_TASK INSTRUCTIONS:_
Leaving the pictures aside, repeat each line below exactly.

_SOURCE DATA:_
━━━━━━
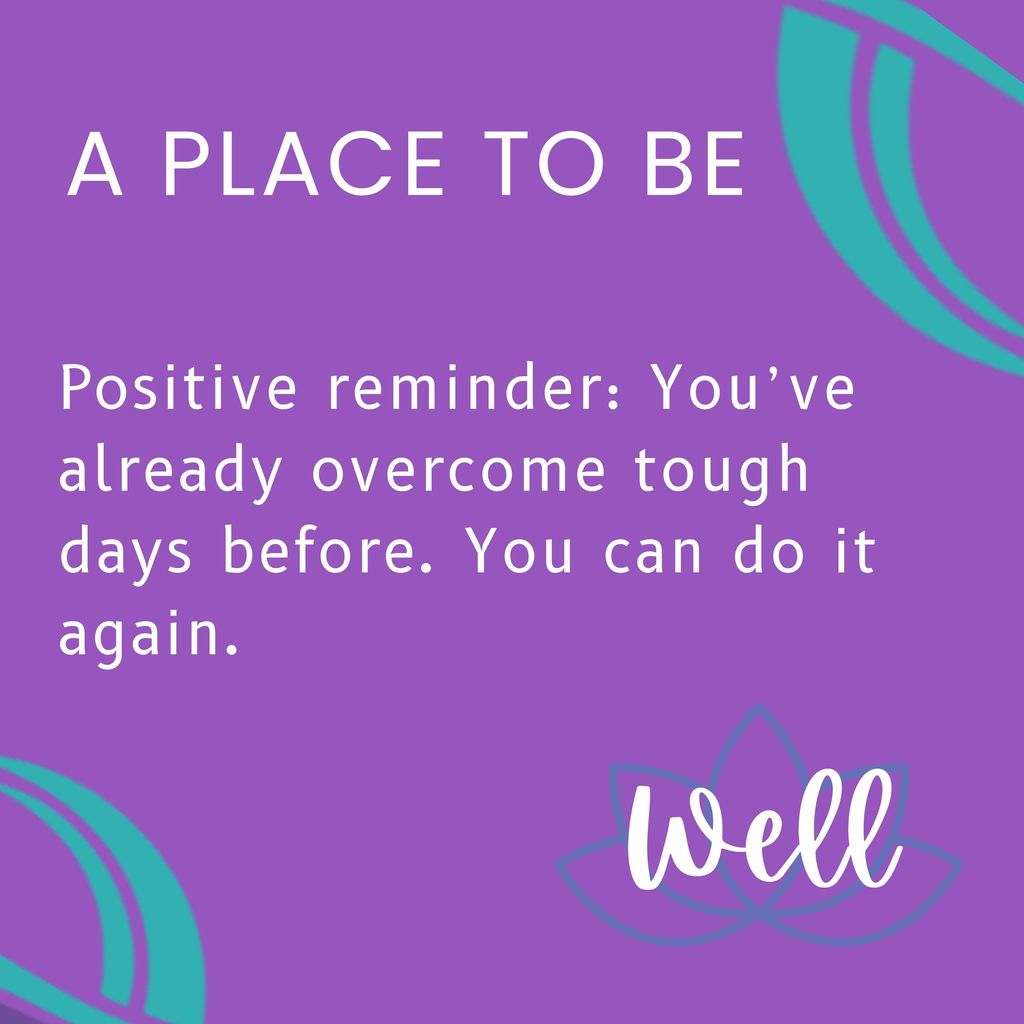 Positive reminder: You’ve already overcome tough days before. You can do it again.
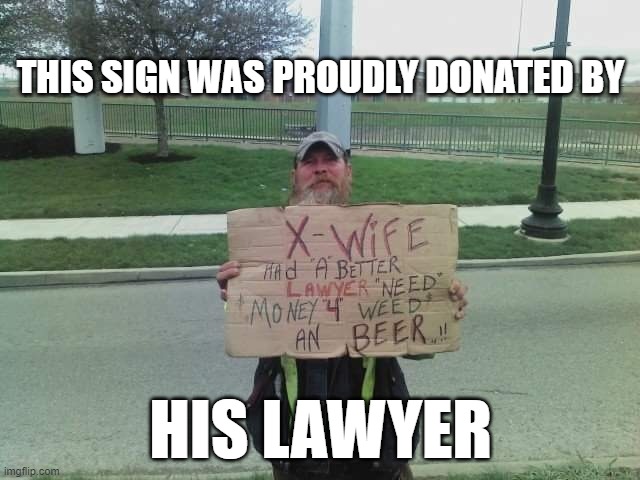 Her "better lawyer" had a pret-ty low bar to clear... | THIS SIGN WAS PROUDLY DONATED BY; HIS LAWYER | image tagged in memes,funny memes,divorce,begging,ex wife | made w/ Imgflip meme maker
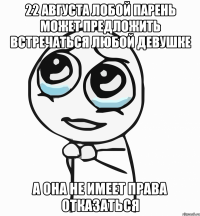 22 августа лобой парень может предложить встречаться любой девушке а она не имеет права отказаться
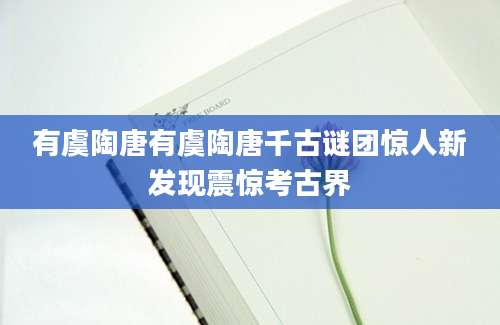 有虞陶唐有虞陶唐千古谜团惊人新发现震惊考古界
━━━━━━
_SOLUTION TO THE EXERCISE:_
 Positive reminder: You’ve already overcome tough days before. You can do it again.
 Her "better lawyer" had a pret-ty low bar to clear... | THIS SIGN WAS PROUDLY DONATED BY; HIS LAWYER | image tagged in memes,funny memes,divorce,begging,ex wife | made w/ Imgflip meme maker
 22 августа лобой парень может предложить встречаться любой девушке а она не имеет права отказаться
 有虞陶唐有虞陶唐千古谜团惊人新发现震惊考古界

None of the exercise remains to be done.